Only three days after Judge Kaplan’s spectacular ruling in the Chevron/Ecuador case, notes Paul Barrett at Business Week, “a state appellate court in California upheld a trial judge’s finding that what had been billed as a watershed liability verdict against Dole Food over pesticide use in Nicaragua was actually the product of a corrupt conspiracy by plaintiffs’ lawyers.”
The case at issue in the March 7 ruling, known as Tellez, went to trial in 2008 and produced a multimillion-dollar verdict for workers. That verdict was thrown out when Dole’s attorneys proved that many of the plaintiffs never worked for the company and weren’t, in fact, sterile. Witnesses and investigators were intimidated in Nicaragua, and plaintiffs were coached to concoct false stories.

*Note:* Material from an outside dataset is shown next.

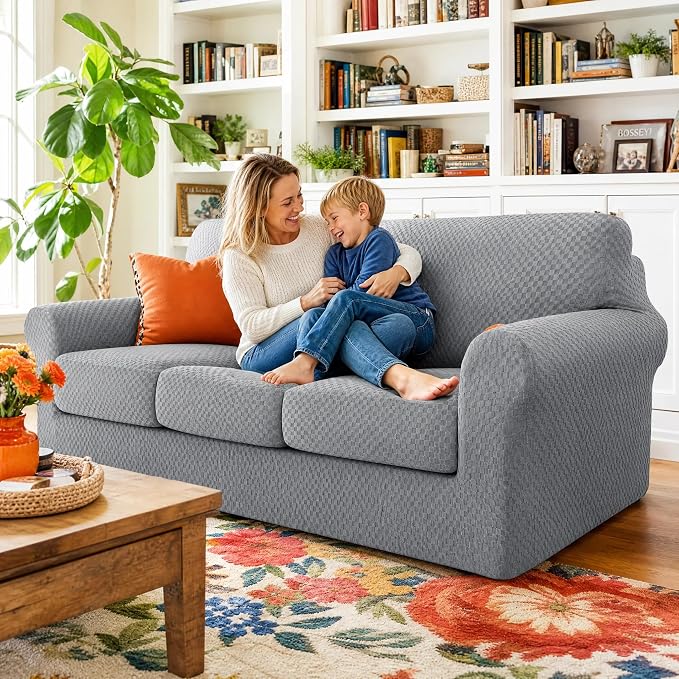YEMYHOM Latest Checkered 4 Pieces Couch Covers for 3 Cushion Couch High Stretch Thickened Sofa Cover for Dogs Pets Elastic Slipcovers Living Room Furniture Protector (Light Gray), 71"-91"(3 Cushions) - Image 2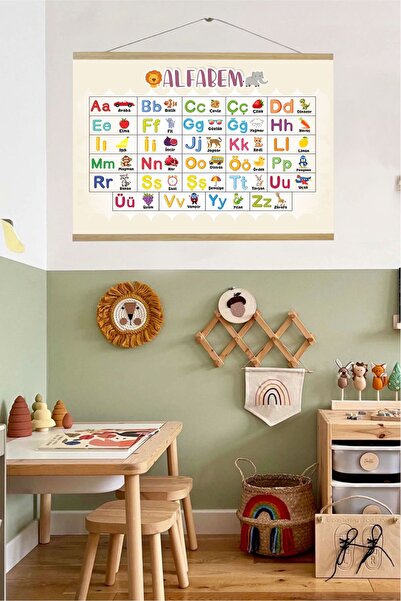 Piksel Grafik Eğitici Renkli Alfabe Askılı Kanvas Poster - Bebek Çocuk Odası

Barrett has related pieces here and here. He notes the string of high-profile plaintiff’s lawyers tripped up by unethical conduct — Dickie Scruggs, Bill Lerach, Mel Weiss, Stan Chesley — and observes that the jackpots obtained by the mass tort bar in the 1990s incentivized, when they were not themselves the result of, ethical problems that have taken years to play themselves out. I’ve been on these themes since (and before) my book The Rule of Lawyers, and began tracking the banana pesticide litigation five years ago.